Jeff Luhnow '84 grew up rooting for the Dodgers. He listened to legendary broadcaster Vin Scully on the radio as an honor committeeman in Appleby Dorm and regularly went to Dodger games with renowned teacher Rick Whyte '57.
"I bled Dodger blue back then!" Luhnow recently wrote to Head of Schools Taylor Stockdale.
This November the 51-year-old stood on the field at Dodger Stadium with his son Henry in his arms, moments after the Houston Astros clinched their first-ever World Series title. General Manager Luhnow said the feeling of walking onto the field was amazing and surreal.
"It's a goal that we've been working towards since I got here," he said.
Luhnow joined the Astros as general manager in December 2011. At that point, the "Astros were the worst team in baseball, with one of the worst farm systems in baseball," he acknowledged.
Some five years later, the Astros finished the 2017 regular season 101-61, and went on to defeat the Boston Red Sox, the New York Yankees and finally the Los Angeles Dodgers to clinch the historic title.
Many have credited the team's success to Luhnow—someone who never thought he would work in baseball.
I "figured that to work in baseball you have to be either a former player or coach or know somebody," he said.
Growing up, Luhnow played baseball and collected baseball cards in Mexico City, where he was born and raised. He was an infielder who "had trouble hitting a good fastball," but did not play at The Webb Schools because it was the same season as tennis, he noted.
After graduating from the University of Pennsylvania with dual bachelor's degrees in engineering and economics, Luhnow wrote a letter to a fellow U Penn graduate in the O'Malley family, who owned the Dodgers at the time, to see if there were any opportunities to work with the team.
"It was a long shot but I figured it was worth a letter!" he said. Although he did not get a response, his love and interest in baseball followed him into adulthood. He completed a project on the Chicago Cubs while earning his MBA from Northwestern and played fantasy baseball for years.
Luhnow worked as an engineer, a management consultant and a technology entrepreneur before he found his way to baseball. He said his career experience helped him develop skills he needs as a baseball executive and believes it is one of two things that differentiate him as a general manager. The other is his bicultural background and ability to speak both English and Spanish fluently.
"This is a very international game, and the largest population outside of Americans are players from Latin America whose first language is Spanish," Luhnow said. "So being able to communicate with them and understand where they come from is a tremendous advantage for a general manager."

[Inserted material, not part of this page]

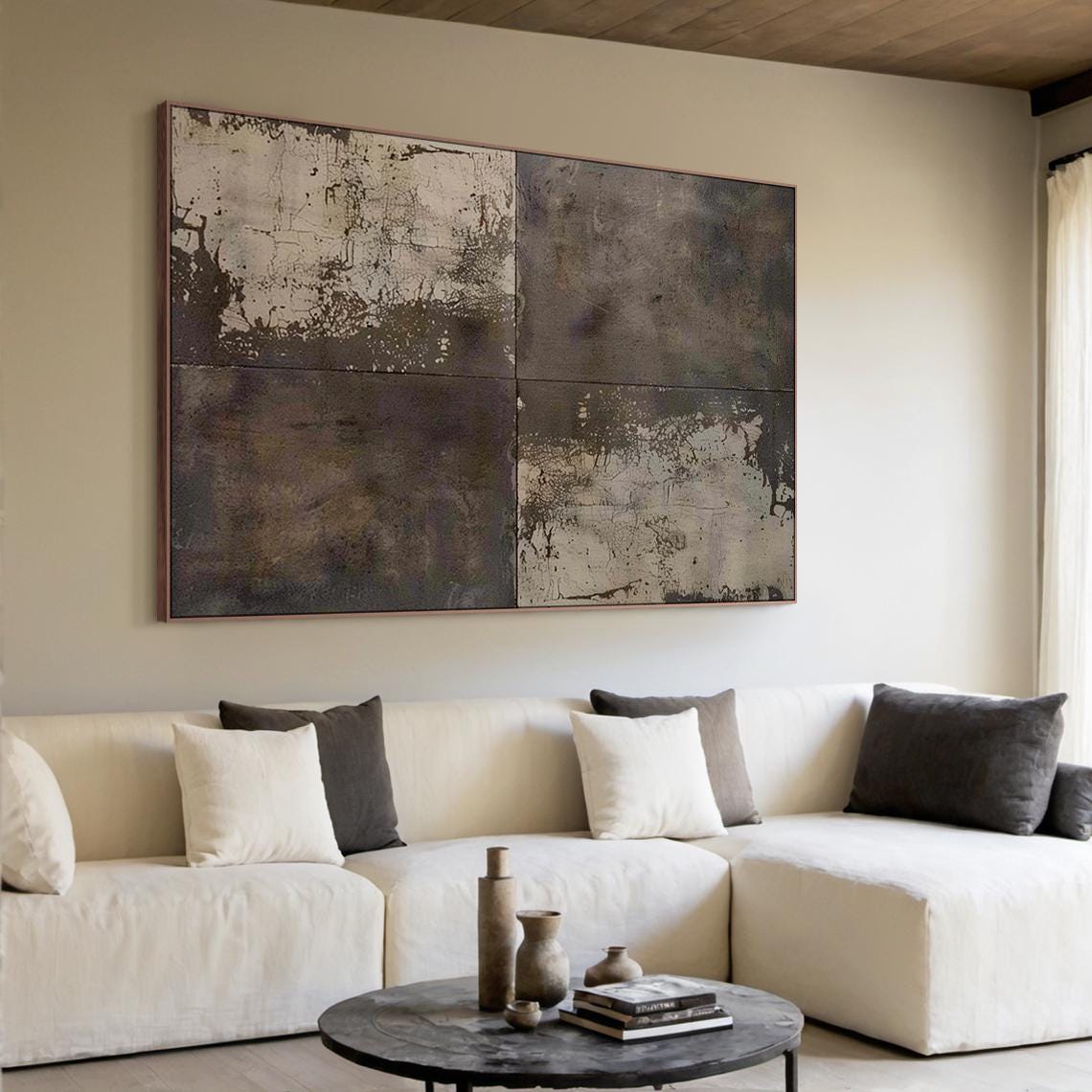 Large Textured Abstract Painting on Canvas – Modern Neutral Wall Art ...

In 2003, the owner of the St. Louis Cardinals started looking for someone with a technology and business background to help in the front office. Luhnow said a former colleague recommended him and he got a call "out of the blue."

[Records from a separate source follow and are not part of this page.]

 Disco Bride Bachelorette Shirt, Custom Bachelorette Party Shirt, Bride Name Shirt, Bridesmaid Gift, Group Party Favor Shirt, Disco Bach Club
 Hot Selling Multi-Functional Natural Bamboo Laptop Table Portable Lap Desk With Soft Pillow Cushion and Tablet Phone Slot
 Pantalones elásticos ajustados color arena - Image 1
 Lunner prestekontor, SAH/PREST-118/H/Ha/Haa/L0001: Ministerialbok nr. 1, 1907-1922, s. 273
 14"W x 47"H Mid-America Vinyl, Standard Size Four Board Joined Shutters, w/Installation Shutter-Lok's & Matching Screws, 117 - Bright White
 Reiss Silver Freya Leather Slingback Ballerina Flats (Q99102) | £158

He was working for the team three months later.
"The Cardinals gave me a chance to work on scouting and player development, which are really the lifebloods of the baseball operations organization," Luhnow said. "The experience I had in those areas allowed me to have the credibility and the experience to essentially take over a club in 2011, because I wasn't someone that spent my life or my career in the industry. I had to catch up very quickly, and the Cardinals experience definitely allowed me to do that."
Luhnow experienced World Series success with the Cardinals in 2006 and 2011, but not as general manager, or the person putting together the baseball operations, organization and the team, he noted. When he started seeing his contributions succeed, he began thinking about how fun and challenging it would be to run baseball operations himself. He was drawn to the Astros because of the challenge, and the potential to "really make people happy" in Houston, he said.

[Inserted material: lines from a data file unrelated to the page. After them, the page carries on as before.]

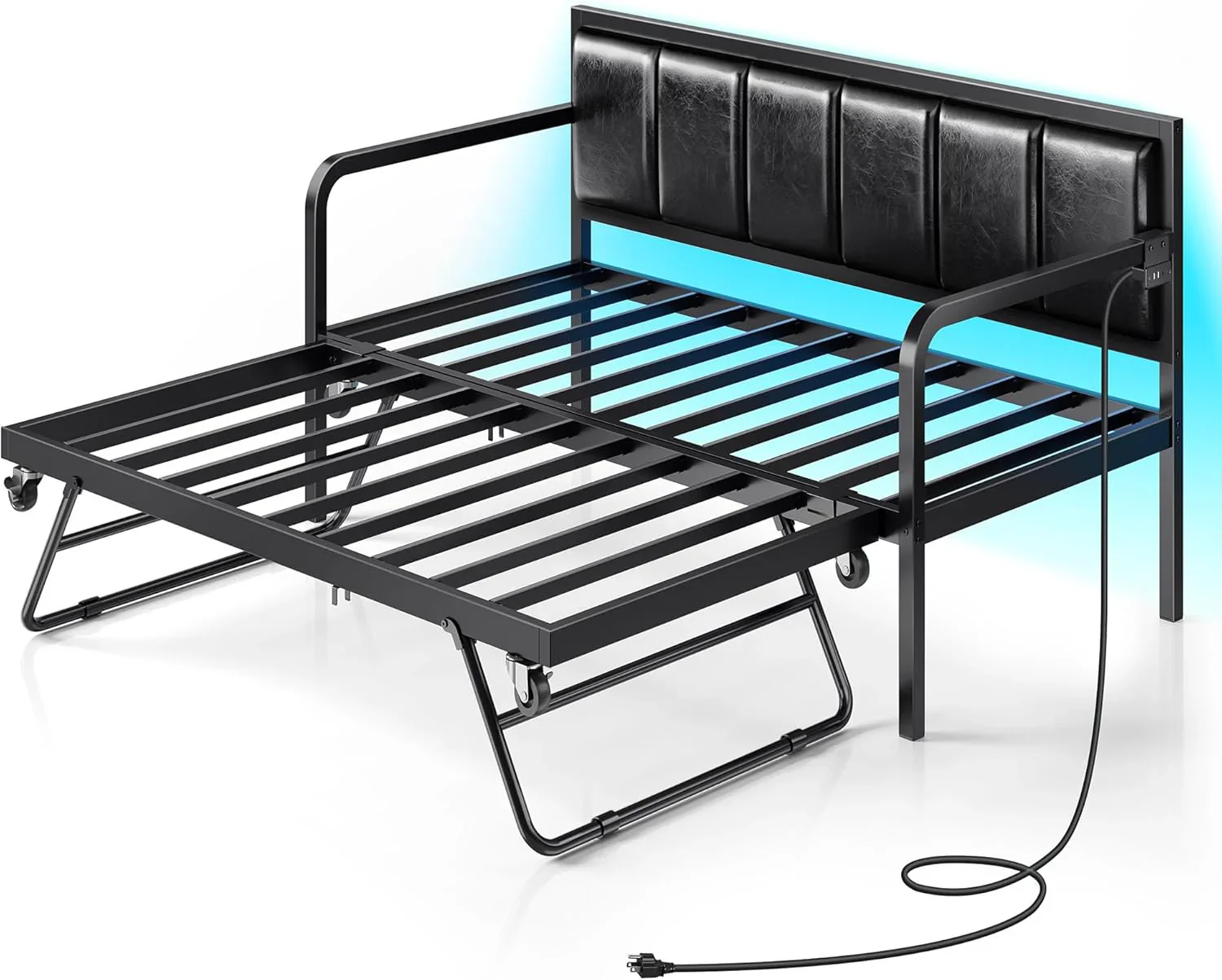 Rolanstar Daybed with Charging Station and LED Lights Height Adjustable Twin Daybed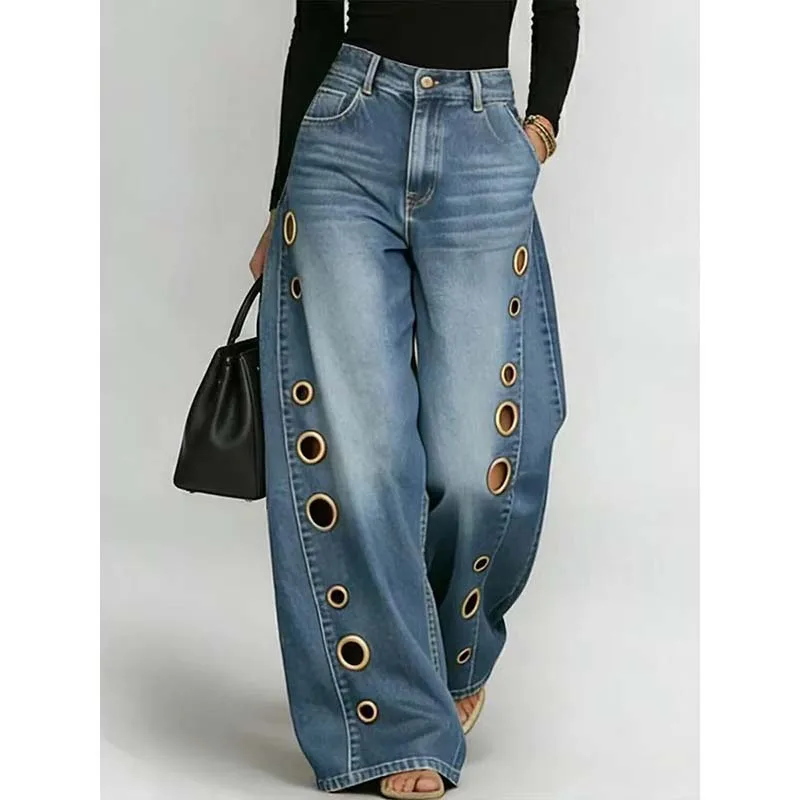 American High Street Straight Leg Jeans Women Metal Ring Hollow Long Jeans Autumn Casual High Waist Pockets Baggy Denim Pants
American High Street Straight Leg Jeans Women Metal Ring Hollow Long Jeans Autumn Casual High Waist Pockets Baggy Denim Pants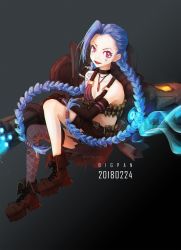 Rule 34 | 1girl, absurdres, arm tattoo, belt, bikini, bikini top only, blue hair, blush, boots, braid, breasts, brown gloves, bullets, choker, dated, fishnet thighhighs, fishnets, full body, gloves, gradient background, highres, jinx (league of legends), league of legends, long hair, looking at viewer, midriff, pink eyes, short shorts, shorts, simple background, single thighhigh, small breasts, smile, solo, swimsuit, tagme, tattoo, thighhighs, twin braids, very long hair, weapon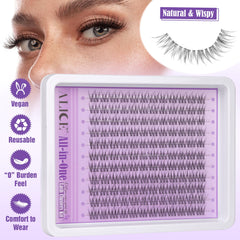 ALICE invisible-band lash clusters close-up for discreet natural wear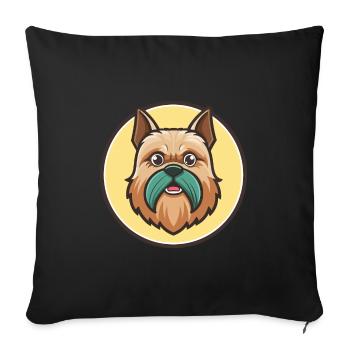 Griffon belge Chien Race Dessin animé Kawaii Clipart - Housse de coussin décorative 45 x 45 cm - noir - Devant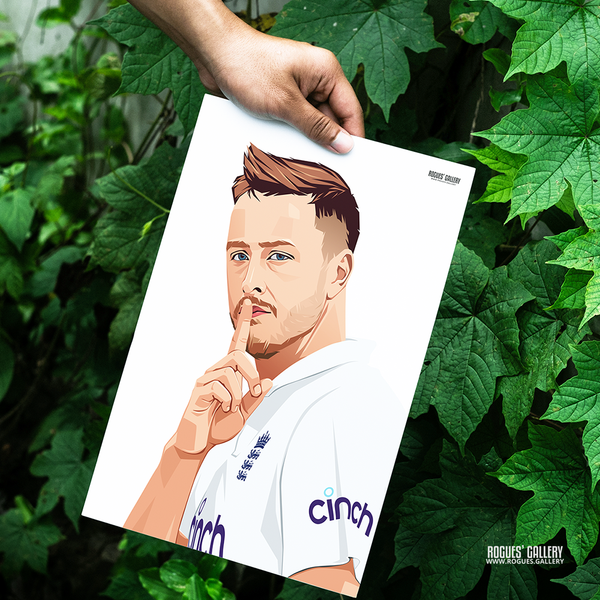 Ollie Robinson England cricket seam bowler signed print shush shhh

"When you actually do turn a franchise around and help a team win and help people smile and be happy, it’s very satisfying," Luhnow said.
Joy over the Stros' success could not have come at a better time. After Hurricane Harvey ravaged Houston, players wore patches on their jerseys emblazoned with the word "strong."
"We wanted a reminder to ourselves and to our fans about what happened in August, but it was also about the resilience of the people of Houston and Texas in general to rebuild after Harvey," he revealed.
Given the timing, Luhnow said he feels "privileged to have been a part of" the Astros win.
"We were able to give some joy and some happiness to people who suffered incredible devastation," he said. "To be able to give them a distraction, something to think about, something to hope for, and then ultimately something to really cheer about and be proud of," every person affiliated with the team was proud to do that for the city, he said.
Several publications have called Luhnow the architect behind Houston's win, some citing key acquisitions, draft picks and data-informed decision making as part of his strategy.
"Because it was a tough situation in 2011, we (owner Jim Crane and I) were able to do things the way we really felt they needed to be done," Luhnow said. "Not the way teams had done it in the past, not the way the media felt we should do it, but really the way we believed was the right way to get the team to bounce back."
While Luhnow is flattered by the recognition he has received, he is quick to credit the rest of the Astros organization for the team's success.
"Behind every architect, there are a lot of people … doing the drawings that support the initiative," he said. "It's a team effort. There's no question about it, just like it is on the field."
He is already thinking about next season.
"No team has repeated as world champions in decades," Luhnow said. "And now that we have the first, we'd like to be the first team to repeat in a long time, and certainly want to win another one."